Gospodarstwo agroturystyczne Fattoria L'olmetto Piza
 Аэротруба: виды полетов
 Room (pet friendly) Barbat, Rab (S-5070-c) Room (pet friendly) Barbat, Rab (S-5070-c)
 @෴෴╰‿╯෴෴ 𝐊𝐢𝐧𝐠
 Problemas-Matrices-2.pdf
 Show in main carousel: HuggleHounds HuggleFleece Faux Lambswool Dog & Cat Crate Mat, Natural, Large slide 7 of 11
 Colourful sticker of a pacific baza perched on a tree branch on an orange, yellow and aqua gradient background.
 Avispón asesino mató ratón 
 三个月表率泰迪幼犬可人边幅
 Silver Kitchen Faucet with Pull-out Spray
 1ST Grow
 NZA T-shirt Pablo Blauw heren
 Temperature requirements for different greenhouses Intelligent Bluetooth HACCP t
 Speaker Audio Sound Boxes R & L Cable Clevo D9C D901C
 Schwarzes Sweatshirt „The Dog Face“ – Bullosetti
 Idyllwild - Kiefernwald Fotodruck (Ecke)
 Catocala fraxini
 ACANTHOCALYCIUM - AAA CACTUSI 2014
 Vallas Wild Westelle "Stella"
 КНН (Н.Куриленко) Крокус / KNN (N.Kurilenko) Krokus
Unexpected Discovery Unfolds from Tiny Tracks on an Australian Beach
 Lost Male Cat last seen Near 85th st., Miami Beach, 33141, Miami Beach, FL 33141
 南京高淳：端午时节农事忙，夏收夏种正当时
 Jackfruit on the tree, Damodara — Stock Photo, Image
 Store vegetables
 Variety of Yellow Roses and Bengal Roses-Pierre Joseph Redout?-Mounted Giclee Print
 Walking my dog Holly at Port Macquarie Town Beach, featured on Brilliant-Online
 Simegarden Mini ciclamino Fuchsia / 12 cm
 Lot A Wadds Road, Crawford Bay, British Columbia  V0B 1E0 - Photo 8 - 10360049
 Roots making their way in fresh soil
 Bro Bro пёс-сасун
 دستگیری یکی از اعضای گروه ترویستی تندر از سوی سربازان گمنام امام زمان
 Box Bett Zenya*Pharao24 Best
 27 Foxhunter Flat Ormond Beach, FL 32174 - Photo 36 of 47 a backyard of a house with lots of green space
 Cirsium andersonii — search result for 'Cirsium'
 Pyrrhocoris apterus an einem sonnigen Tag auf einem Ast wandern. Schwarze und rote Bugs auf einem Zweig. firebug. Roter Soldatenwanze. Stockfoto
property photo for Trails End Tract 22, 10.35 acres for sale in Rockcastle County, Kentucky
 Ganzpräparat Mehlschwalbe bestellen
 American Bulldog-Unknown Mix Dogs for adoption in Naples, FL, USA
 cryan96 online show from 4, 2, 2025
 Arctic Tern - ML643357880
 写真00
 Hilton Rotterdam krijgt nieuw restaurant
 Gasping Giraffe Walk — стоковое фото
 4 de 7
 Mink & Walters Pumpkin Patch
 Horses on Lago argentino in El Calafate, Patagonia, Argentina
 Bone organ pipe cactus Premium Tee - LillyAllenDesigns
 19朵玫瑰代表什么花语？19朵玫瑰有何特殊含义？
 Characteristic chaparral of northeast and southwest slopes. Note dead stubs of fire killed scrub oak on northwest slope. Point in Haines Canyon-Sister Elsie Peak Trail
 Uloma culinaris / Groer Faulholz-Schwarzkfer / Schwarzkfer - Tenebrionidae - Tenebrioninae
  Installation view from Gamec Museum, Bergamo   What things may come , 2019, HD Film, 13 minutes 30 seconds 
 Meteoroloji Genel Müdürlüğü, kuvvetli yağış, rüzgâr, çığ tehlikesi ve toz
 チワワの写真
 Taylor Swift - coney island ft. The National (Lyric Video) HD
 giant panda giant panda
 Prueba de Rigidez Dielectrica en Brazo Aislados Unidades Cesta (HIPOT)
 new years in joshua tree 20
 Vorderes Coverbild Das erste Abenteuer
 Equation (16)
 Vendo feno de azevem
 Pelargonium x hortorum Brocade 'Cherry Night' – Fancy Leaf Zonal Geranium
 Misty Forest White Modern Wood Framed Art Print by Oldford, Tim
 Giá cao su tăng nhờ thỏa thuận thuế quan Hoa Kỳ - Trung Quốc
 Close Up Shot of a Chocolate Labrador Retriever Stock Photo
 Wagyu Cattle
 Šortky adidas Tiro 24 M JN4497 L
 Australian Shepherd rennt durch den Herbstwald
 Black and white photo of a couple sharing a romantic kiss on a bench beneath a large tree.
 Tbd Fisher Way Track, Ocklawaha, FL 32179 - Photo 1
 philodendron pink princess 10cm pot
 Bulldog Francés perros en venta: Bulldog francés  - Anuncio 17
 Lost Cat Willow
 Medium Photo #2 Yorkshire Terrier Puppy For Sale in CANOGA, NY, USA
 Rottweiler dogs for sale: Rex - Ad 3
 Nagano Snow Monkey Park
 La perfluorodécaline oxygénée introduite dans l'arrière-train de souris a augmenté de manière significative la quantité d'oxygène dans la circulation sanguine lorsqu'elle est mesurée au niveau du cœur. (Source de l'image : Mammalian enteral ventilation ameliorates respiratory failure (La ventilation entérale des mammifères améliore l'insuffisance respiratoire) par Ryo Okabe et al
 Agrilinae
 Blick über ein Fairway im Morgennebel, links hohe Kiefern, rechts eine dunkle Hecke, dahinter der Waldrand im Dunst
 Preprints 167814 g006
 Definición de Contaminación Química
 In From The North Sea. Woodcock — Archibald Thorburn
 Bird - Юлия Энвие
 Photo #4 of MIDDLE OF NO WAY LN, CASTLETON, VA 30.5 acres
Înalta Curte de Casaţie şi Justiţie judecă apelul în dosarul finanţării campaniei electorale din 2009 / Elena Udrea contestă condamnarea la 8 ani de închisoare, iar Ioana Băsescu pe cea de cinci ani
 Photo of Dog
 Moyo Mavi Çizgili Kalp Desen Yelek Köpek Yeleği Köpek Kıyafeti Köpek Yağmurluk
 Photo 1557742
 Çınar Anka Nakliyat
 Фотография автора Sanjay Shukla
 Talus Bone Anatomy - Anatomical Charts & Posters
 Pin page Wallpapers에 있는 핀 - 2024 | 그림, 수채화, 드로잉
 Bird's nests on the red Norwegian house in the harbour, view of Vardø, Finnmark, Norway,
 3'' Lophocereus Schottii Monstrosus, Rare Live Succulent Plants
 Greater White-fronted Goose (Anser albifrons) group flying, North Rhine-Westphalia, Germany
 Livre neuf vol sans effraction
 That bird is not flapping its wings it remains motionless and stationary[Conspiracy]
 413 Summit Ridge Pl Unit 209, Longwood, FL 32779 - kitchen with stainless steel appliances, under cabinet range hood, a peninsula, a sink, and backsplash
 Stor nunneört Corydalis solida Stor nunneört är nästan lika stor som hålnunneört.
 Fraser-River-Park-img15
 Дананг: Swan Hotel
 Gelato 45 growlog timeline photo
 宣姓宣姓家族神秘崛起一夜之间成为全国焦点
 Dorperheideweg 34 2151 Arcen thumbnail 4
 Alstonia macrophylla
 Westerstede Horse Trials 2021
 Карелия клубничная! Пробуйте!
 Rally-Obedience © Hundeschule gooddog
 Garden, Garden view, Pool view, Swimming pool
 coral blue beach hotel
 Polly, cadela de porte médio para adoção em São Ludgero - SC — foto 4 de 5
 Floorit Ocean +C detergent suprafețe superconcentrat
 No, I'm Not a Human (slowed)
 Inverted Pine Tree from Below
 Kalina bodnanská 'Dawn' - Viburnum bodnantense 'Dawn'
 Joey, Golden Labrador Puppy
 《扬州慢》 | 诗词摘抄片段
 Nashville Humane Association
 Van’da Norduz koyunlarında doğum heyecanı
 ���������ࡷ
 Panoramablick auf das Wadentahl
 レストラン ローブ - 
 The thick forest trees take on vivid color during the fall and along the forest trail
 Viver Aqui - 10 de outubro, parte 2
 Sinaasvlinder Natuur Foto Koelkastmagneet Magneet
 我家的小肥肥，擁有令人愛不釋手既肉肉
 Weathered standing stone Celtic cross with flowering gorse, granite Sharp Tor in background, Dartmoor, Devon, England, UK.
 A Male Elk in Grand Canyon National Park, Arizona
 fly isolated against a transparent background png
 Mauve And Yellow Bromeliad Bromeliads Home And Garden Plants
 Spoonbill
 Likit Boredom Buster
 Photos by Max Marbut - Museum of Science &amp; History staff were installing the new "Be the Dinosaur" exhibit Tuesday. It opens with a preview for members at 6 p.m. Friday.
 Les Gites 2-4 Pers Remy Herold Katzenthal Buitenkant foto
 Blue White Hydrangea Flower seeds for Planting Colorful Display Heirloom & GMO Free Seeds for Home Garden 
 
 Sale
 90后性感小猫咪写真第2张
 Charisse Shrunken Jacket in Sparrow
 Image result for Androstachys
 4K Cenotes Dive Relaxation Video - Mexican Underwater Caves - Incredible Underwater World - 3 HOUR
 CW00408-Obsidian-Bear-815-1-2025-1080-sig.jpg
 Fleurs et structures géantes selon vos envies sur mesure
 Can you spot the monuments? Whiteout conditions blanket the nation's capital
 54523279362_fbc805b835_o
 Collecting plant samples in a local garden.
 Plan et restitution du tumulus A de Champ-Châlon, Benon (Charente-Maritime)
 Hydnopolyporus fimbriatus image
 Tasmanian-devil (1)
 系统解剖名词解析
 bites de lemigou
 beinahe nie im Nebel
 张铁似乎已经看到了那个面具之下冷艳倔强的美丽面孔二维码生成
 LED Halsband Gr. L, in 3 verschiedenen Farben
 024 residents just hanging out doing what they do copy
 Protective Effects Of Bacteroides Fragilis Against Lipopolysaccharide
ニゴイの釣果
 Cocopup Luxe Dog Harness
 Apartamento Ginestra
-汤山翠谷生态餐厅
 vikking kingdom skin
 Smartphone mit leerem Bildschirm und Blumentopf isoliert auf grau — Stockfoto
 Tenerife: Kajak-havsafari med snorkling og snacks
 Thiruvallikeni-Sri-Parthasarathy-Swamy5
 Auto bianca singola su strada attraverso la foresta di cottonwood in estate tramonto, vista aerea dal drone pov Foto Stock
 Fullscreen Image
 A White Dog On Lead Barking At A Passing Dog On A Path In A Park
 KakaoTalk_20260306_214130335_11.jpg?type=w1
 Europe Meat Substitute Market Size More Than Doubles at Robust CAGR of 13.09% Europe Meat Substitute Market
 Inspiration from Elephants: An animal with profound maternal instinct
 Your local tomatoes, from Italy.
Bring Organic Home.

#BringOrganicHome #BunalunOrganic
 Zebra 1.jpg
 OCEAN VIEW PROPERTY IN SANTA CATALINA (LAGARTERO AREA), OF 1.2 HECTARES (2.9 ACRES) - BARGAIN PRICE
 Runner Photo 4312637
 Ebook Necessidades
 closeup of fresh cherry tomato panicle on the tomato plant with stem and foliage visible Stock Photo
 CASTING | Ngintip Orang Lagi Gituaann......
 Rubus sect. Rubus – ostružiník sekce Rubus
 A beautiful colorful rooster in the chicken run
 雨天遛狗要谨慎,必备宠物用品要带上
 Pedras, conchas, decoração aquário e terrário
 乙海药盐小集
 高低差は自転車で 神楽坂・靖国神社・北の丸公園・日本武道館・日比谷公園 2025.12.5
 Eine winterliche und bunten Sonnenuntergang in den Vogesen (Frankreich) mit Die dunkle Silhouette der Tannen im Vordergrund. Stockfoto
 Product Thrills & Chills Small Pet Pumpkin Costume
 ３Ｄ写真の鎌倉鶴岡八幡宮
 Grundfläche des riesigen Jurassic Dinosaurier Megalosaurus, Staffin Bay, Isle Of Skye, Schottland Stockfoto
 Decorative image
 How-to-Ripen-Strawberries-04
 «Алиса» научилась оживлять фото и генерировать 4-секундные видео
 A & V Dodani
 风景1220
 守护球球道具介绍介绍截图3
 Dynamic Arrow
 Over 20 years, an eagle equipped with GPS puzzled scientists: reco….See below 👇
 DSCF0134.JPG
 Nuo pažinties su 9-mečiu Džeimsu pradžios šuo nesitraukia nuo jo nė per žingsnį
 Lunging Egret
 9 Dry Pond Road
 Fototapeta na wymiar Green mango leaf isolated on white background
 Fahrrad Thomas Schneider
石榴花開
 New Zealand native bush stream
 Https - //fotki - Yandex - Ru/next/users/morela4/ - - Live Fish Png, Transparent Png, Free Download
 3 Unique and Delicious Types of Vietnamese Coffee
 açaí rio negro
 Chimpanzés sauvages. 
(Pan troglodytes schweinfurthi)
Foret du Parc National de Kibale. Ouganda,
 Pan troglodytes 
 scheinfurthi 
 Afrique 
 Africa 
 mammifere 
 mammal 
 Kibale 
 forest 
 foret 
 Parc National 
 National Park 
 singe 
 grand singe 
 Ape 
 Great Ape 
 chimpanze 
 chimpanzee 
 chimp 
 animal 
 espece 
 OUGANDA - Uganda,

TASK DESCRIPTION: Your task is to transcribe, with no changes, only the lines of the listing above that lie between the line holding "Characteristic chaparral of" and the line holding "Šortky adidas Tiro 24 M JN4497 L", inclusive.

WRITTEN RESPONSE:
 Characteristic chaparral of northeast and southwest slopes. Note dead stubs of fire killed scrub oak on northwest slope. Point in Haines Canyon-Sister Elsie Peak Trail
 Uloma culinaris / Groer Faulholz-Schwarzkfer / Schwarzkfer - Tenebrionidae - Tenebrioninae
  Installation view from Gamec Museum, Bergamo   What things may come , 2019, HD Film, 13 minutes 30 seconds 
 Meteoroloji Genel Müdürlüğü, kuvvetli yağış, rüzgâr, çığ tehlikesi ve toz
 チワワの写真
 Taylor Swift - coney island ft. The National (Lyric Video) HD
 giant panda giant panda
 Prueba de Rigidez Dielectrica en Brazo Aislados Unidades Cesta (HIPOT)
 new years in joshua tree 20
 Vorderes Coverbild Das erste Abenteuer
 Equation (16)
 Vendo feno de azevem
 Pelargonium x hortorum Brocade 'Cherry Night' – Fancy Leaf Zonal Geranium
 Misty Forest White Modern Wood Framed Art Print by Oldford, Tim
 Giá cao su tăng nhờ thỏa thuận thuế quan Hoa Kỳ - Trung Quốc
 Close Up Shot of a Chocolate Labrador Retriever Stock Photo
 Wagyu Cattle
 Šortky adidas Tiro 24 M JN4497 L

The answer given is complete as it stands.